Yet another remarkable description in Vicaire’s book was that of St. Dominic’s apostolic life as an instrument for saving souls. Before St. Dominic accepted his mission to convert the Cathars of his time, Pope Innocent III had commissioned expeditions that later on failed. St. Dominic recognized that the failure was due to the inconsistency between the simple life the missionaries preached and the lavish one they lived. According to St. Dominic, “Not like this!” could the missionaries be credible witnesses to the Gospel they professed. This spoke to me as a pastor and evangelist. In Dominican spirituality I found the model of apostolic life so necessary in today’s consumeristic world: if I am to preach the Gospel and strive for evangelical perfection, I must follow the counsel of St. Dominic by conforming to Christ, by living the life of poverty lived by Jesus and preventing my thoughts and acts from being polluted by a worldly mentality.  Only then can I become an operator of His eternal priesthood that builds the Church in the world.
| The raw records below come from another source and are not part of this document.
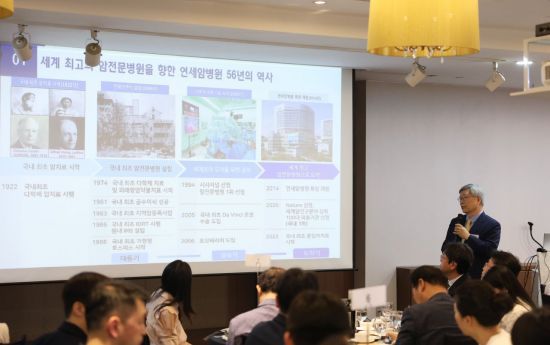 최진섭 연세암병원장이 17일 서울 서대문구 연세대학교 동문회관에서 열린 기자간담회에서 발언하고 있다. 사진제공=연세의료원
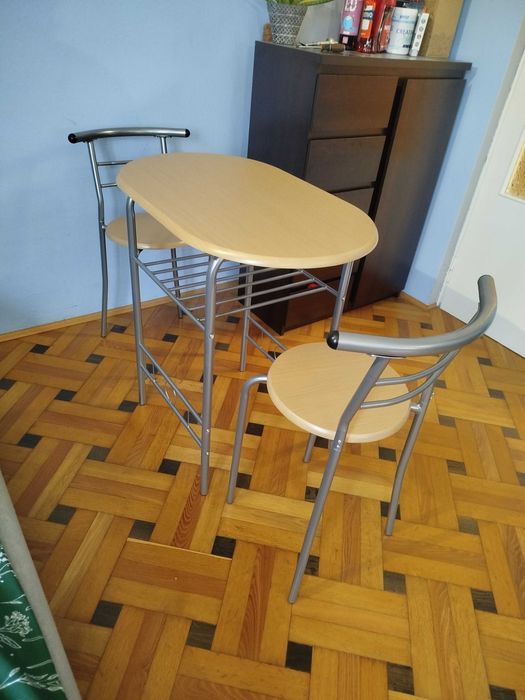 Nowy stolik kuchenny z 2 krzesłami złożony.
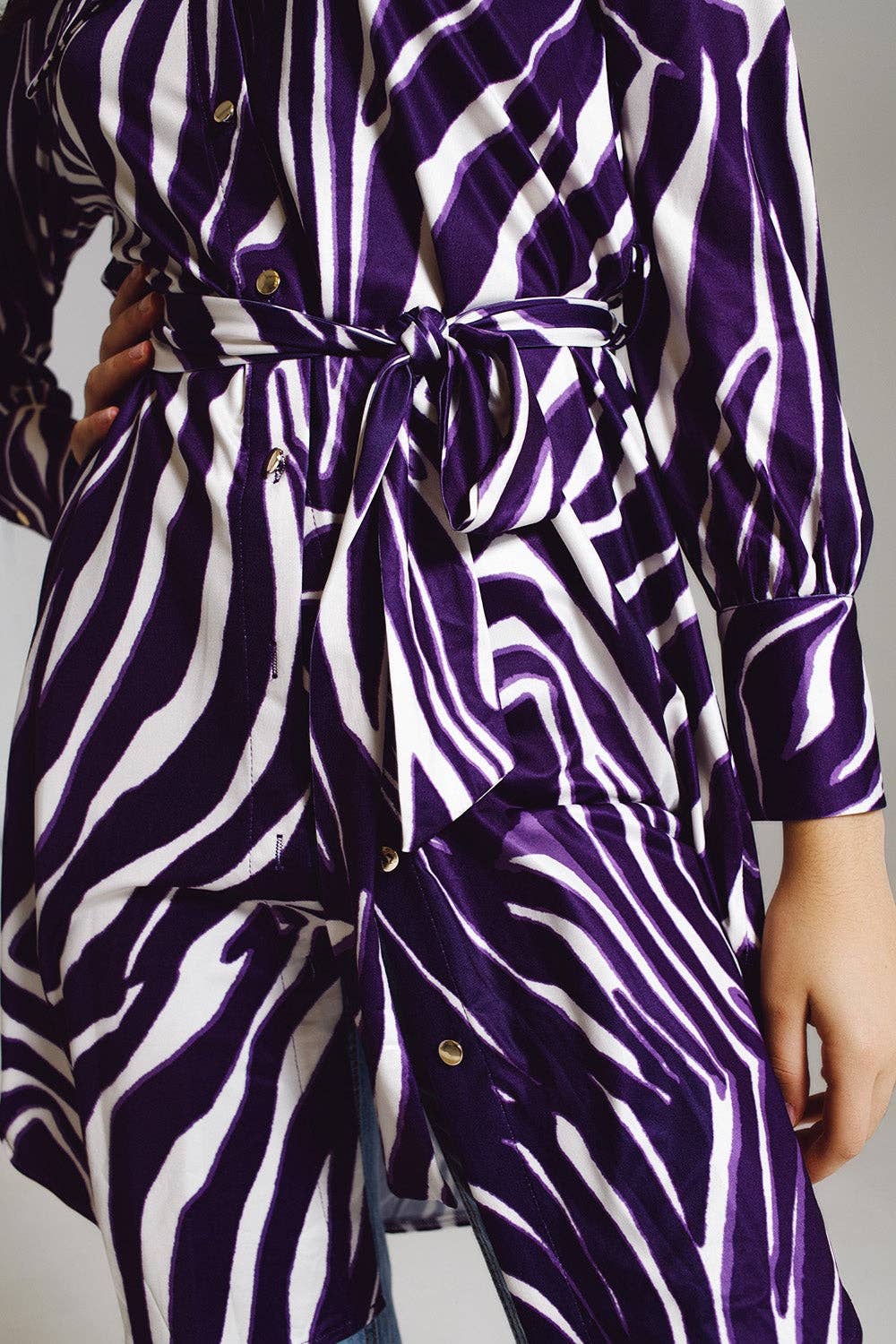 Midi short dress with zebra print in white and purple: Purple / Large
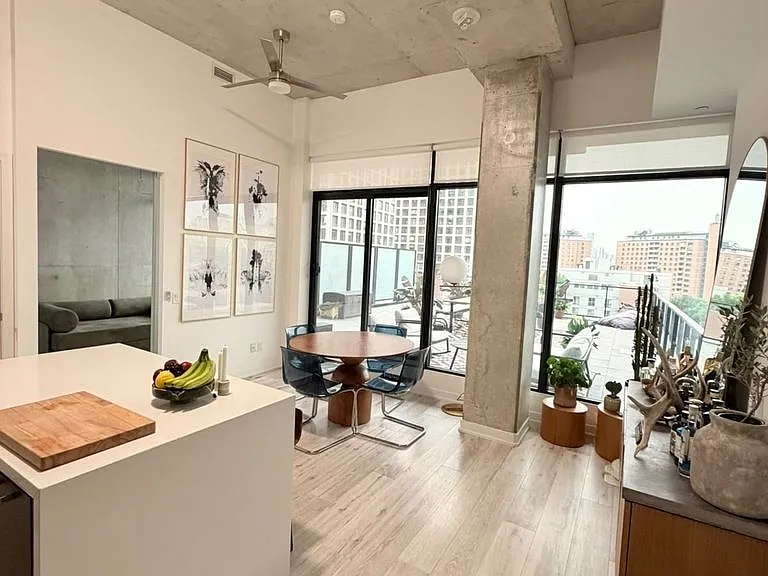 55 Ontario St #906 — Photo 2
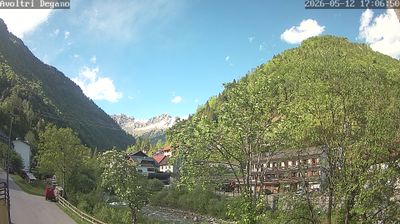 immagine della webcam nei dintorni di Padola: webcam Forni Avoltri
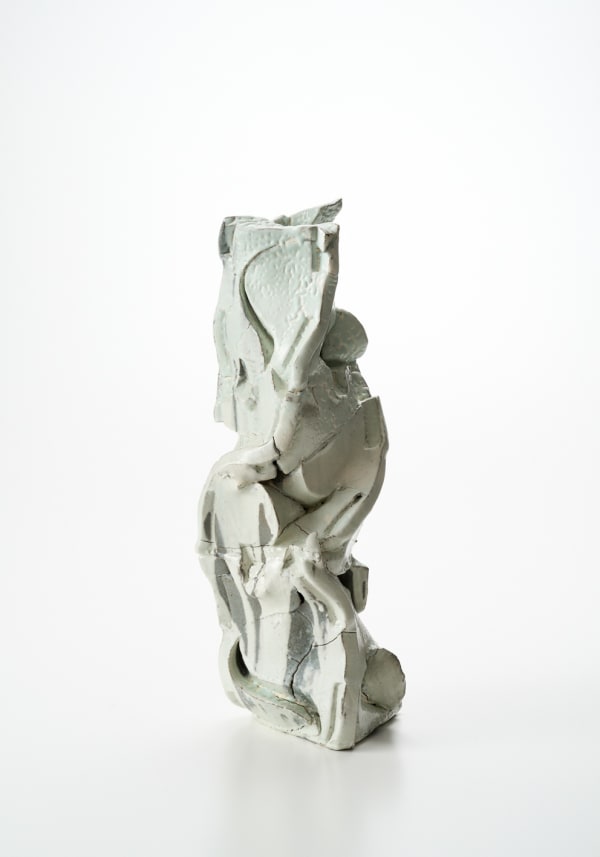 Kohiki Sculptural Form, 2025 陶 H52 × W19 × D19 cm H20.4 × W7.4 × D7.4 in. 道川 省三
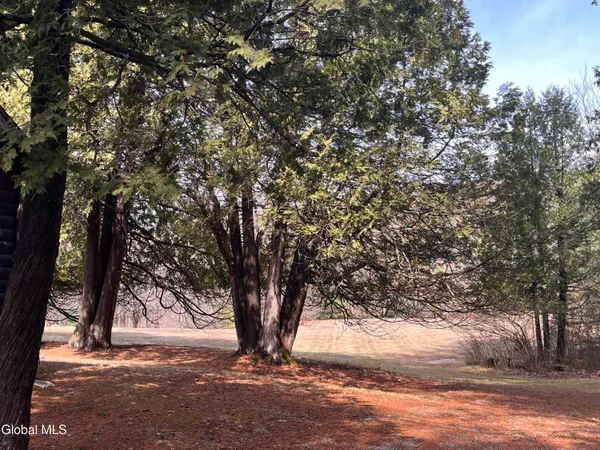 $652,000 | 17 Hawkins Lane, Horicon, NY 12815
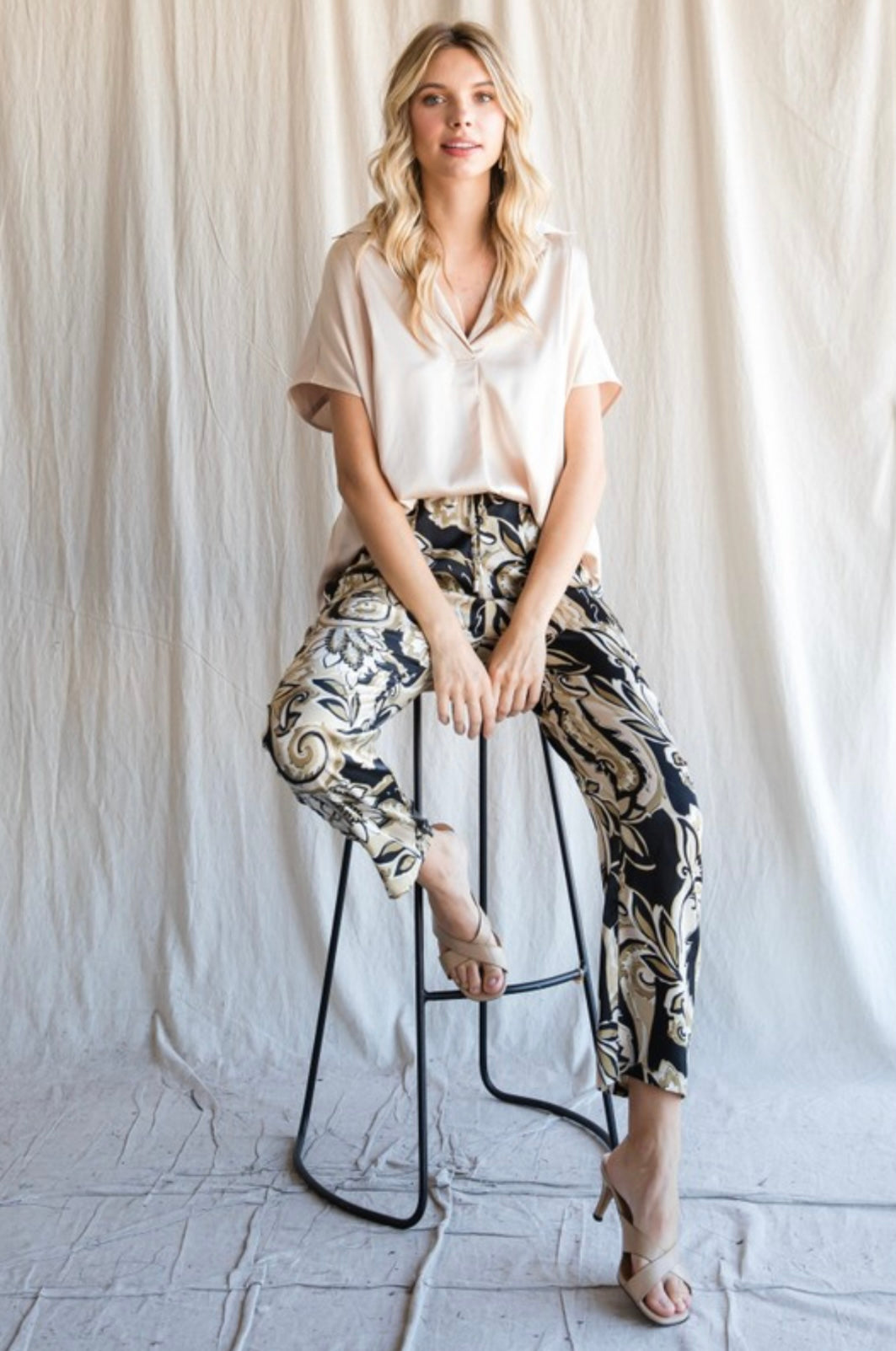Paisley Pattern Drawstring Pants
Vicaire’s book is very dear to me, and so are many others I read later, such as The Dialogue of St. Catherine of Siena; Saint Dominic as Seen by His Contemporaries, by Pietro Lippini, OP; Great Joy: Dominican Spirituality as a Daily Lifestyle, by Antonietta Potente, OP; The New Wine of Spirituality, byPaul Murray, OP; and everything by Timothy Radcliffe, OP. They have caused me to love St. Dominic, drawn me to the Dominic Order such that I aspire to:

  • Live in true communion, enlivened by the Word of God, with my brothers in the presbyterate and with all people the Lord puts on my path, sharing faith, friendship and life’s sad and joyful events;
  • Listen incessantly to the Word of God contained in Scripture, in the parish and on life’s journey, to know God and His plan of love and salvation, and listen attentively to the people of God, to know their hopes, fears, joys and, above all, eagerness for truth;
  • Study to reflect on the “multifaceted wisdom of God” and discern the “multiple ways of the Gospel in created things, in human works and institutions and in different religions” to be able to perform a true ministerial service of the Word;
  • Contemplate God and His truth operating in the history of humanity, to taste the Word through silence and assimilate it in prayer and communicate to others the goodness of God, the greatness of His presence in us and the universality of His salvation;
  • Celebrate the revealed Word “solemnly and in common,” especially in the daily Eucharistic celebration, because “the liturgical celebration is the center and heart of my whole life” through which I can give glory to God, invoke the Father’s mercy for all the needs of the Church and the world, strengthen my faith and discern the efficacy of the mission that the Lord asks me to fulfill; and
  • Preach the name of our Lord Jesus Christ throughout the world, as the raison d’etre of my existence, proclaiming to all people the Word of God that saves and transforms humanity.

I thank God, with all my heart, that I have been able to begin my path in the Dominican Priestly Fraternities because I am convinced that it is the “spiritual and community place” that the Lord has decided to give me to guard me, form me and make me grow in holiness throughout all the years of presbyteral ministry that His infinite mercy may decide to grant me.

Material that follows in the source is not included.